What causes atoms to bond with one another? The answer is that all atoms “want” to obtain a stable electron configuration, which usually means eight electrons in their outermost electron shell. To do this, atoms can take electrons from another atom, give electrons to another atom, or share electrons with another atom.

 

Covalent bonds are the kind of bond where atoms share an electron pair to obtain a full outer shell. This is sometimes also called a molecular bond. Not all atoms are capable of forming covalent bonds. To form a covalent bond, two atoms must be nonmetals and have close electronegativity values.

 

An electronegativity value is a measure of how strongly an atom attracts electrons, or how badly it “wants” to fill its outer shell. If one atom has very low electronegativity and the other has very high electronegativity, they won’t be good at sharing electrons because one “wants” the electrons so much more. An electronegativity difference of greater than 1.7 makes the formation of covalent bonds impossible. As you may have guessed, covalent bonds form very readily between the same type of atom because their electronegativity values are identical.

 

Even among covalent bonds, some bonding partners are far better at equally sharing their electrons than others.

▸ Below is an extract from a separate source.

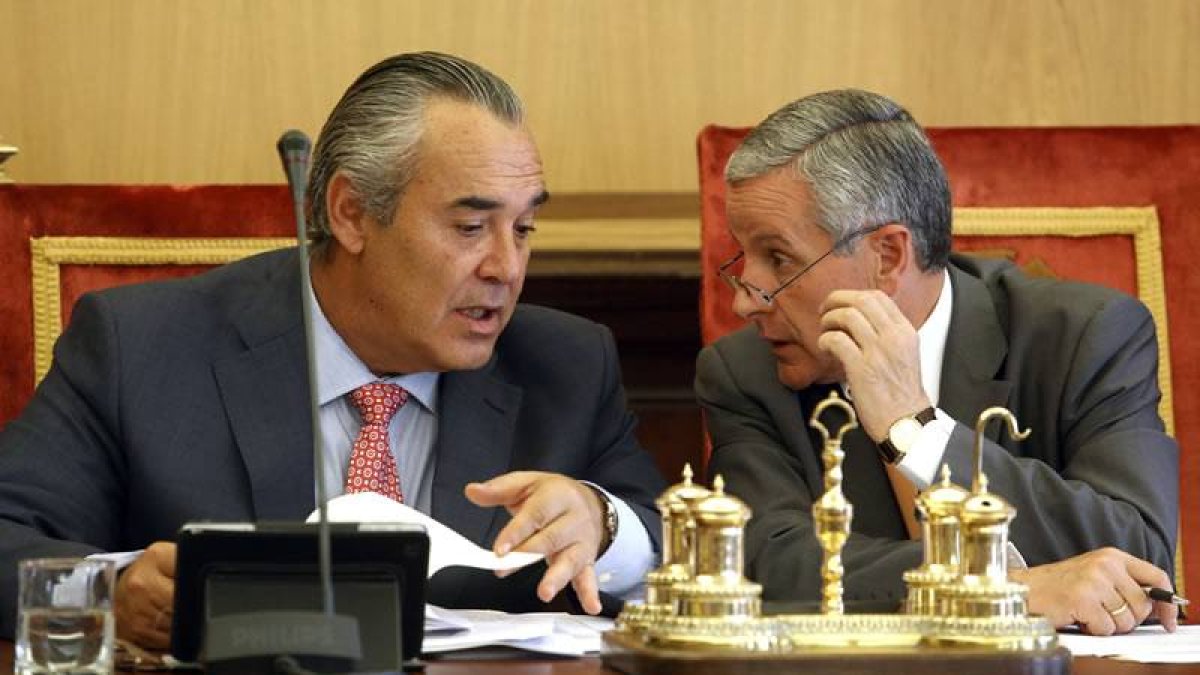El alcalde de León, Emilio Gutiérrez, conversa con el concejal de Hacienda, Agustín Rajoy, durante el pleno municipal de los Presupuestos 2014.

When we draw electron diagrams we tend to portray the electrons as stationary, but in reality electrons are in a constantly moving cloud orbiting their respective nuclei. When electronegativity values are different, but not so different as to exclude a covalent bond, the electrons spend more time near the more electronegative atom.

 

 

 

 

 

 

 

 

 

 

 

 

 

 

 

(Clker-Free-Vector-Images, 2012)

 

This is what happens with a polar covalent bond. To give an example, let’s focus on a water molecule, or H20. Oxygen has a greater electronegativity value than hydrogen does. The difference is not so great that oxygen isn’t capable of sharing, but the electrons are more strongly attracted to the oxygen atom than either of the hydrogen atoms. Since the electrons spend more time near the oxygen side of the molecule, that side ends up being slightly more negatively charged while the two hydrogen atoms are slightly more positively charged. This polar dynamic is part of what gives water its unique properties.

 

In a nonpolar covalent bond, the electrons are shared completely equally. The entire molecule is neutral and no part is more negatively or positively charged than any other. Nonpolar covalent bonds form especially readily between the same type of atom, but any two atoms with an electronegativity difference of less than .4 are capable of forming nonpolar covalent bonds.